Since then, Chalghoumi has always been at the forefront when it comes to spreading a better, brighter image of Islam. There is no doubt that in doing so he represents the majority of practicing Muslims in France, just as it is clear that he has also stirred up a radical minority. "It will be a long battle," he says, "but we will wage it." It is a never-ending battle, and it already seems to have taken its toll on Chalghoumi.

'I Am a Symbol'

He established a new conference of imams last summer, and the launch was attended by cabinet ministers, representatives of the Jewish community and diplomats from the US and other embassies. Chalghoumi has spoken at conferences of the European Parliament in Brussels, he gives toasts at dinners in the Jewish community, he has traveled through the Gaza Strip in the company of rabbis, he has been invited to champion his cause at the Elysée Palace, and both the president and later the prime minister have publicly taken him by the arm, praised him and said that they were proud of him and that he had their full support.

It's a little as if the republic would have to invent Imam Chalghoumi if he didn't already exist. This makes it easy for his enemies to spread malicious rumors about him and condemn him as an "agent of the system." Chalghoumi himself plays into their hands with his speeches and interviews, which are always a little too perfect, a little too zealous and a little too compliant. "I am a symbol," says Chalghoumi, not without a touch of pride. He likes to see himself in the role of the lonely pioneer. "The Drancy mosque is a symbol. And the enemies want to destroy us." These are big words, too big, perhaps for an imam in a small city. They only egg on the resistance instead of placating it. Chalghoumi, the imam of peace, disturbs the peace. Perhaps this is necessary and is exactly what the culture war needs right now. But the mosque in Drancy, whose ministry is now regularly accompanied by dispatches from the press agencies, has also become a place of vulgar behavior and wrangling, a place of discord.

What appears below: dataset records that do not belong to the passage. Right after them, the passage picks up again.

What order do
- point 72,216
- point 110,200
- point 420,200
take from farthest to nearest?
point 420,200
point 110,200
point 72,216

Chalghoumi's enemies now appear at the mosque every Friday, and each time there are a few more than the last time. Some are now coming to Drancy from farther a field. They include skillful speakers who sometimes promote strange ideas, such as demanding that instead of Islam accommodating France, the country should accommodate Islam, because it is the one true faith. The protestors have recently taken to waving photos of the bodies of children in Gaza. They also claim to have collected more than 1,000 signatures supporting Chalghoumi's dismissal. Perhaps his days as imam are numbered.

If so, the republic will lose its good Muslim, the model imam. Is he afraid? For himself? His family? "I'm just afraid for my congregation, for this mosque," he says. Once again, his words are a little too perfect, even a little peculiar, because Chalghoumi says them in passing, as he hurries back out into his small world surrounded by the Carrefour supermarket, the parking lot and the railroad embankment, which is blocking the view toward Mecca.